§ WHAT THE EXERCISE ASKS
Repeat the listing word for word. Leave every picture out.

§ GIVEN INFORMATION

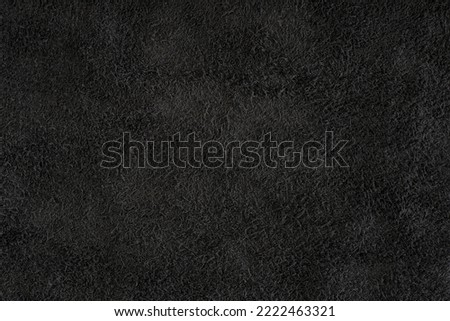 Black suede close-up. Natural black suede texture for design or project. Velvet, leather reverse. Royalty-Free Stock Photo #2222463321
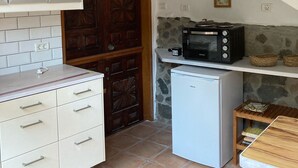 Une cuisine de taille réduite avec des meubles blancs, un petit réfrigérateur, un four à micro-ondes et une porte en bois.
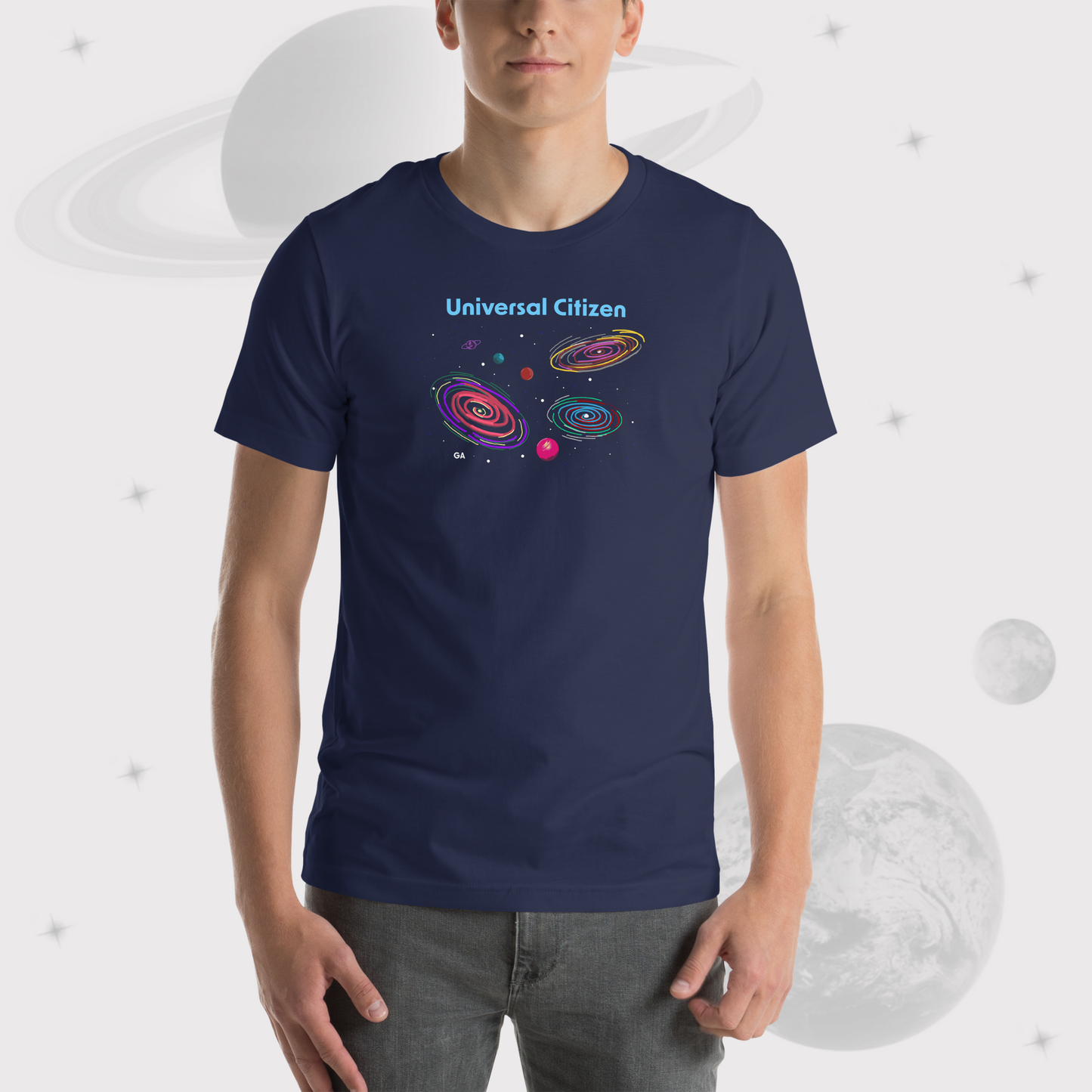 Zoom in of Man wearing Going Across men's basic t-shirt in navy, featuring the text ‘Universal Citizen’ with space art of vibrant galaxies and planets by Manharleen.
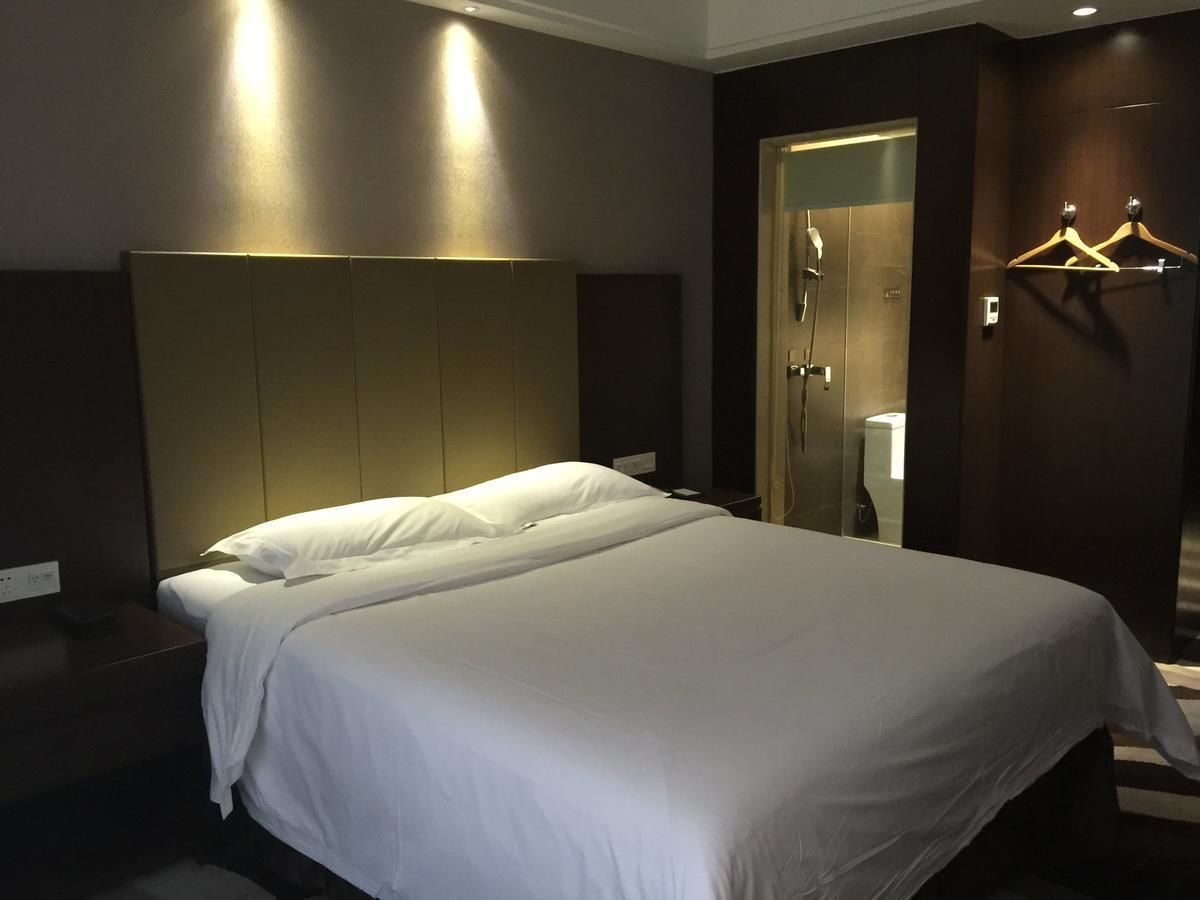 Quarto de hotel com uma cama grande, mesa de cabeceira, guarda-roupa e espelho.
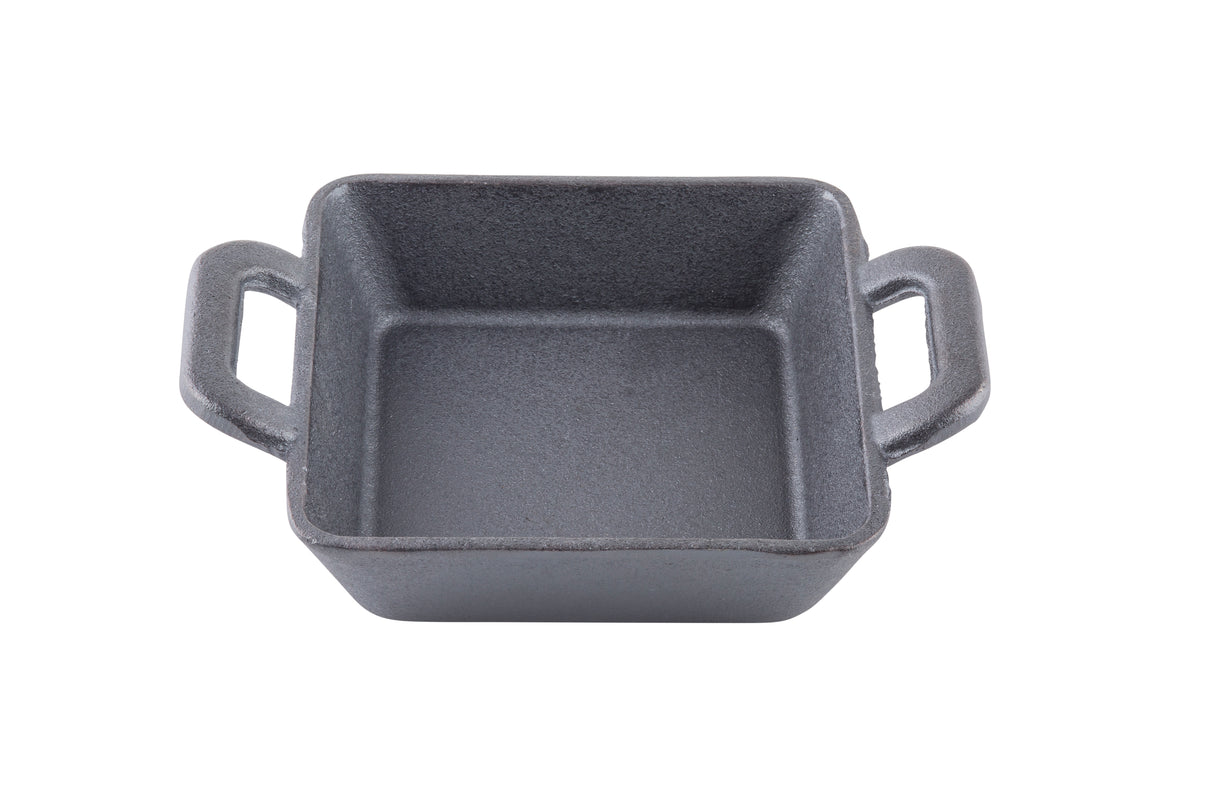 A square black cast iron baking dish with two handles, viewed from above on a white background. This TableCraft mini server features a textured surface and no lid, perfect for stylish tabletop presentations.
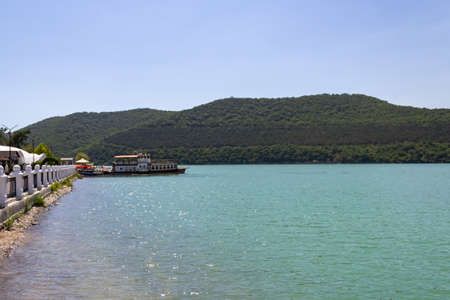 azure lake and pleasure boat on the wharf, in the background of the mountains covered with vegetationの写真素材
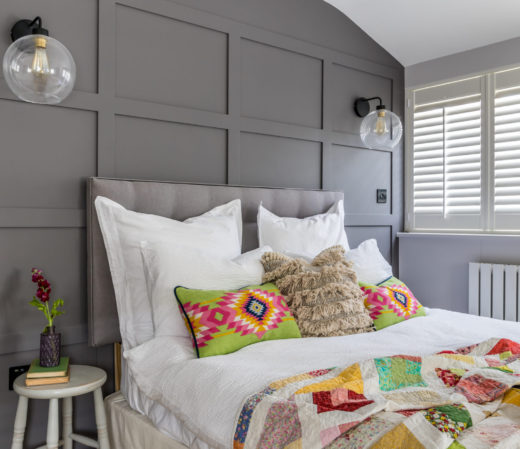 Grey Panelling and wall lights in bedroom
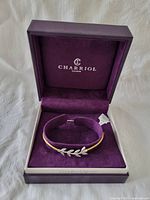 Charriol bracelet in purple Charriol box showing bracelet on velvet cushion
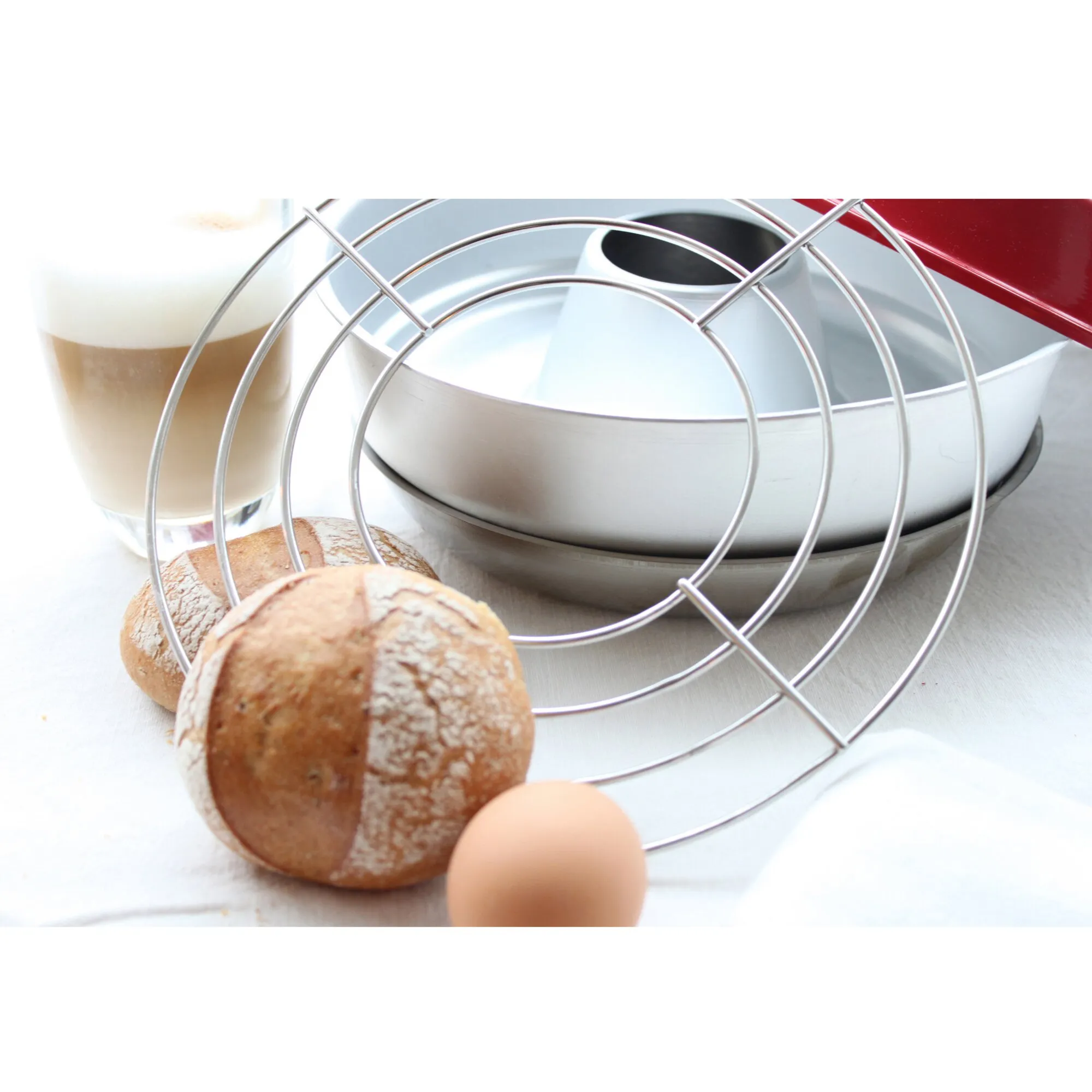 Rundes silberfarbenes Aufbackgitter aus Metall mit 22,5 cm Durchmesser vor Backblech, Brot, Brötchen und Ei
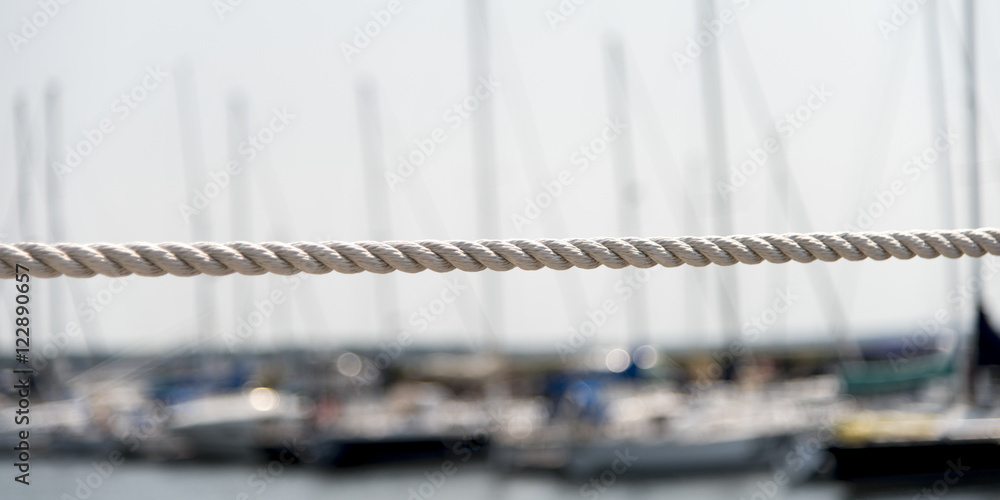 Rope with sailboats at marina in background, Spinnakers Landing,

§ REPLY TO THE EXERCISE
 Black suede close-up. Natural black suede texture for design or project. Velvet, leather reverse. Royalty-Free Stock Photo #2222463321
 Une cuisine de taille réduite avec des meubles blancs, un petit réfrigérateur, un four à micro-ondes et une porte en bois.
 Zoom in of Man wearing Going Across men's basic t-shirt in navy, featuring the text ‘Universal Citizen’ with space art of vibrant galaxies and planets by Manharleen.
 Quarto de hotel com uma cama grande, mesa de cabeceira, guarda-roupa e espelho.
 A square black cast iron baking dish with two handles, viewed from above on a white background. This TableCraft mini server features a textured surface and no lid, perfect for stylish tabletop presentations.
 azure lake and pleasure boat on the wharf, in the background of the mountains covered with vegetationの写真素材
 Grey Panelling and wall lights in bedroom
 Charriol bracelet in purple Charriol box showing bracelet on velvet cushion
 Rundes silberfarbenes Aufbackgitter aus Metall mit 22,5 cm Durchmesser vor Backblech, Brot, Brötchen und Ei
 Rope with sailboats at marina in background, Spinnakers Landing,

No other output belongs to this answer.